"Avellana" is een zelfstandig naamwoord in het Spaans.
De fonetische transcriptie van "avellana" in het Internationaal Fonetisch Alfabet (IPA) is: /aβeˈʝana/.
In het Nederlands betekent "avellana" "hazelnoot".
"Avellana" verwijst naar de vrucht van de hazelaar en wordt vaak gebruikt om te verwijzen naar de hazelnoot zelf. In de Spaanse taal heeft het woord een gematigde frequentie van gebruik; het komt vaker voor in geschreven contexten dan in mondelinge spraak, omdat het vaak gebruikt wordt in culinaire contexten, bakrecepten of in de noten- en voedingssector.
Voorbeeldzinnen:
- La avellana es un ingrediente común en muchos postres.
(De hazelnoot is een veelvoorkomend ingrediënt in veel desserts.)
"Avellana" wordt niet vaak gebruikt in idiomatische uitdrukkingen. Het woord is meer specifiek voor de noot zelf en komt niet vaak in metaforische zinnen voor. Echter, hier zijn een paar voorbeeldzinnen waarin "avellana" op een interessante manier wordt gebruikt:
El sabor de esta crema de avellana es incomparable.
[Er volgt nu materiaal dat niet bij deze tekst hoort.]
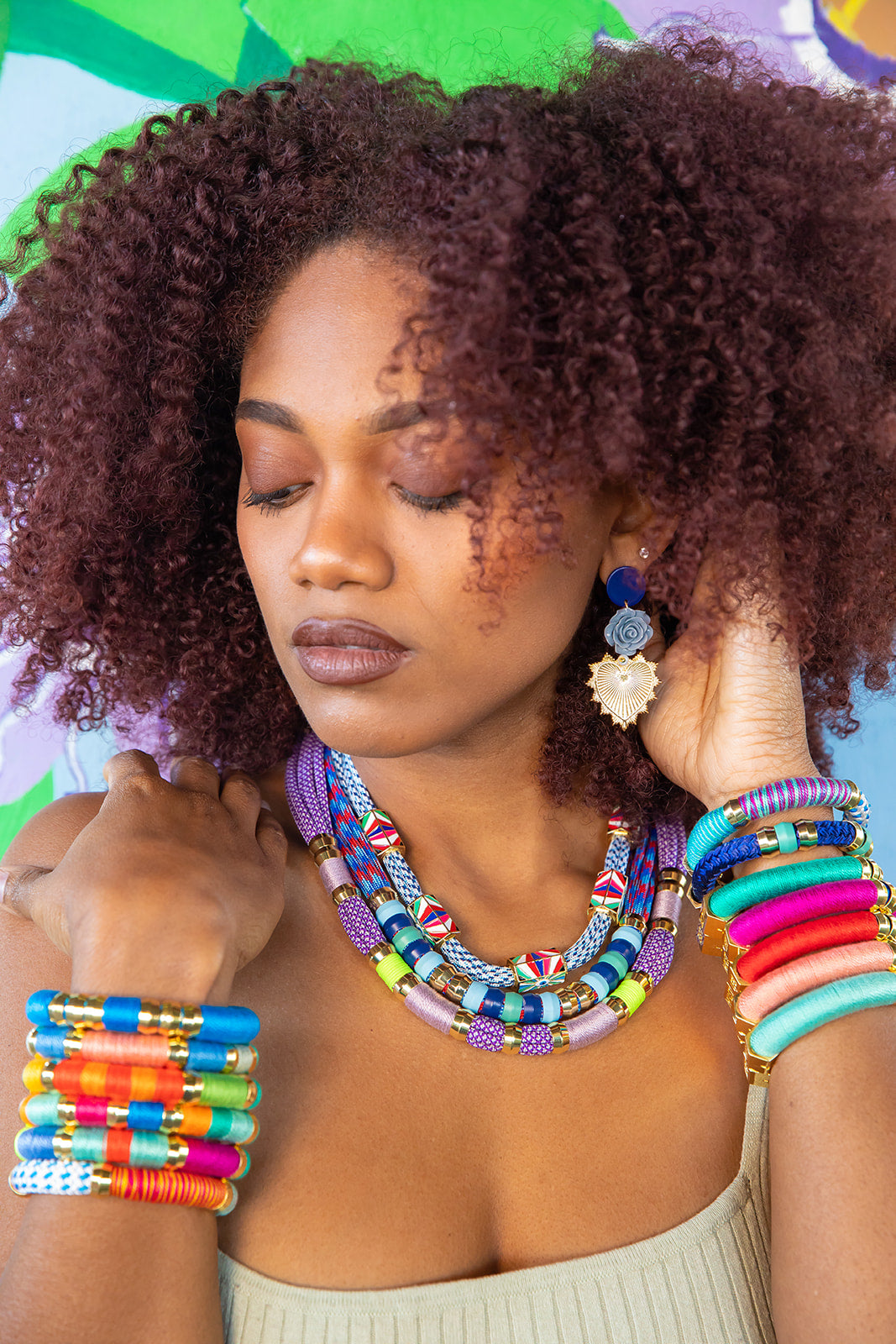 Colorblock Necklace Ocean Eyes
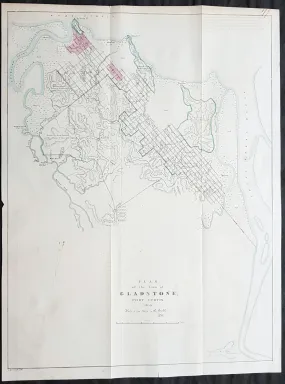 1854 John Arrowsmith Rare Antique Map, Early Town Plan of Gladstone, Queensland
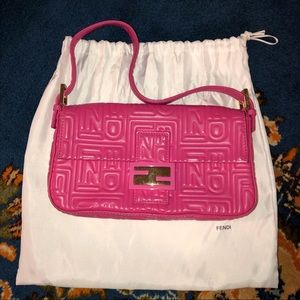 Fendi pink Baguette shoulder bag with Napa leather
(De smaak van deze hazelnootcrème is ongeëvenaard.)
Para hacer un buen turrón, se necesita avellana de alta calidad.
(Om goede nougat te maken, heb je hazelnoten van hoge kwaliteit nodig.)
Het woord "avellana" komt van het Latijnse "avellana", wat "hazelnoot" betekent. Dit is afgeleid van "avella", dat de hazelaar (Corylus avellana) aangeeft, een plantensoort die veel voorkomt in Europa en Azië.
Synoniemen:
- Nuez (noot) - wordt soms gebruikt als algemene term voor noten.
Antoniemen:
Er zijn geen directe antoniemen voor "avellana", omdat het een specifieke soort noot benoemt en niet een term is die tegenovergestelde betekenissen heeft.